> _Work instruction_
From the line that holds "2214 Donegal Court, Deer Park, TX 77536" to the last line below, retype everything exactly and nothing else; omit pictures.

> _Material provided_
--------

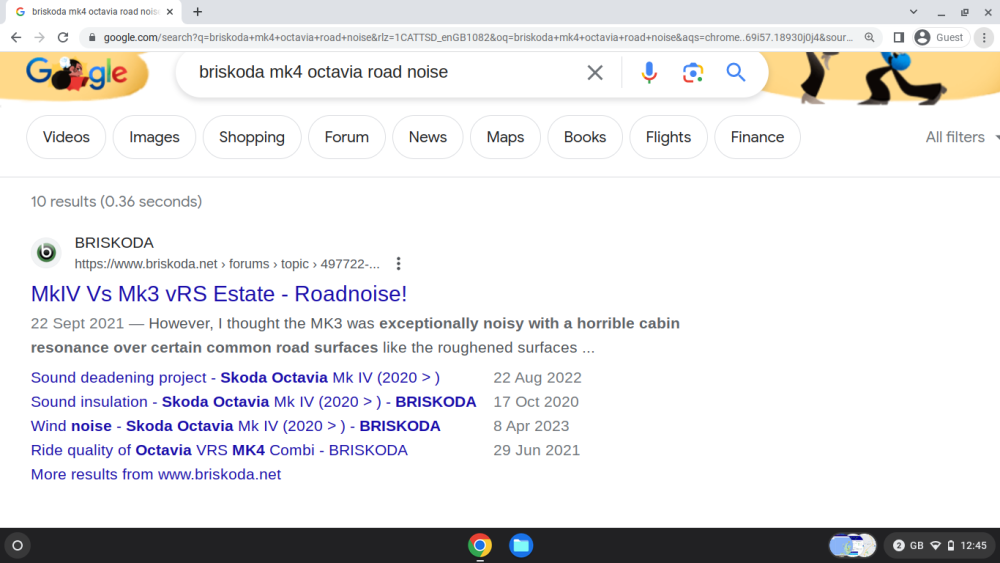 Screenshot 2023-11-02 12.45.54 PM.png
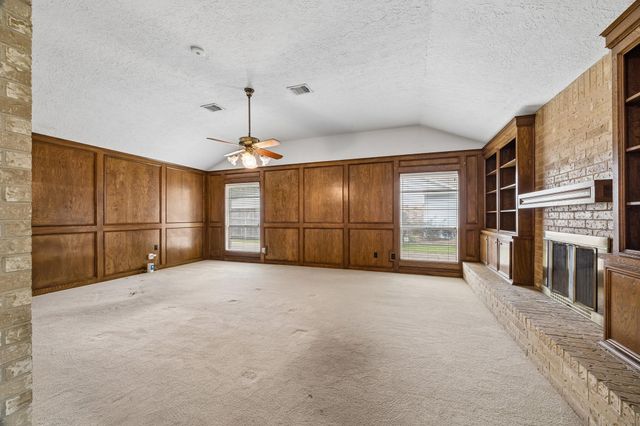 2214 Donegal Court, Deer Park, TX 77536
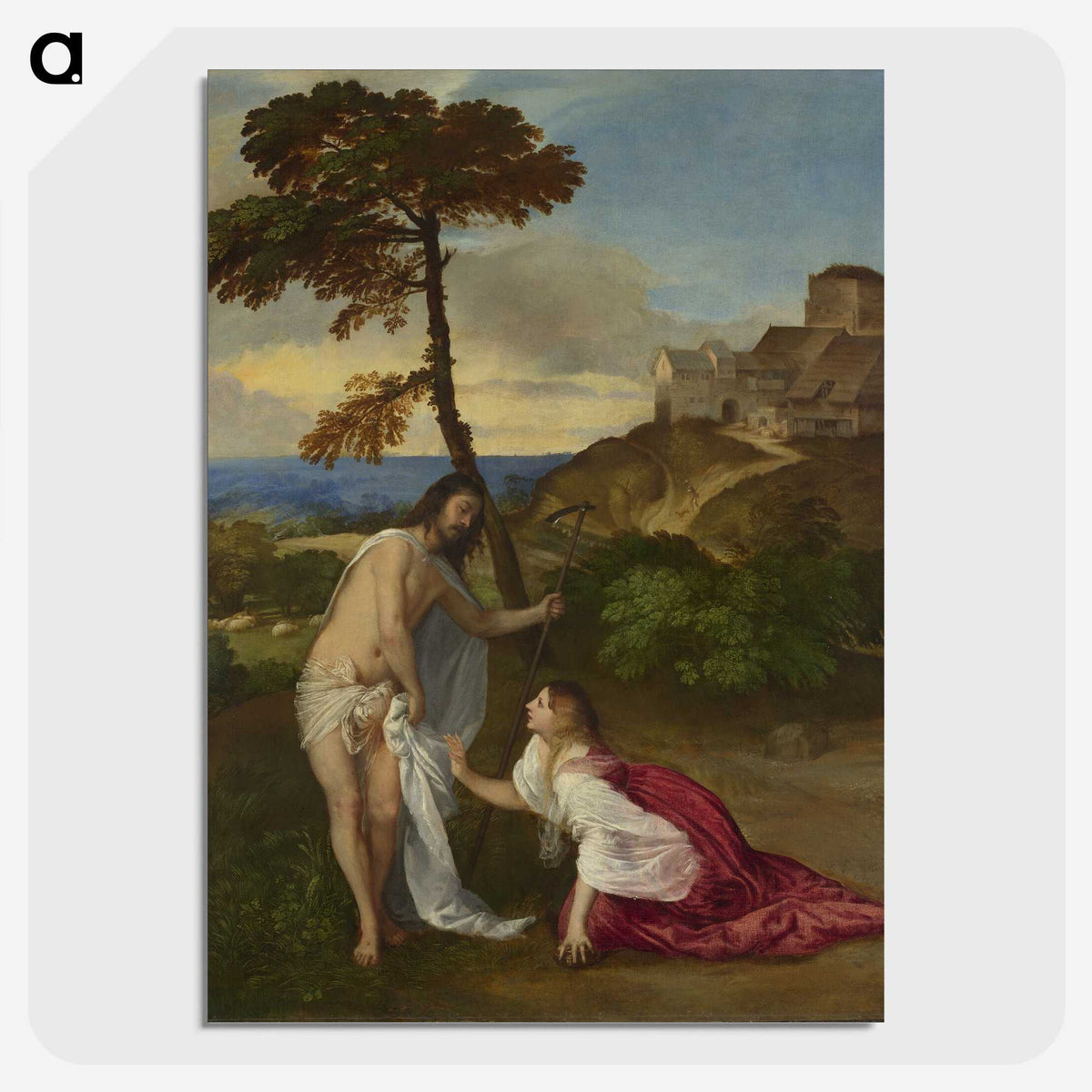 1-24_Tiziano-Vecellio_picture-crop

--------

> _Result below_
 2214 Donegal Court, Deer Park, TX 77536
 1-24_Tiziano-Vecellio_picture-crop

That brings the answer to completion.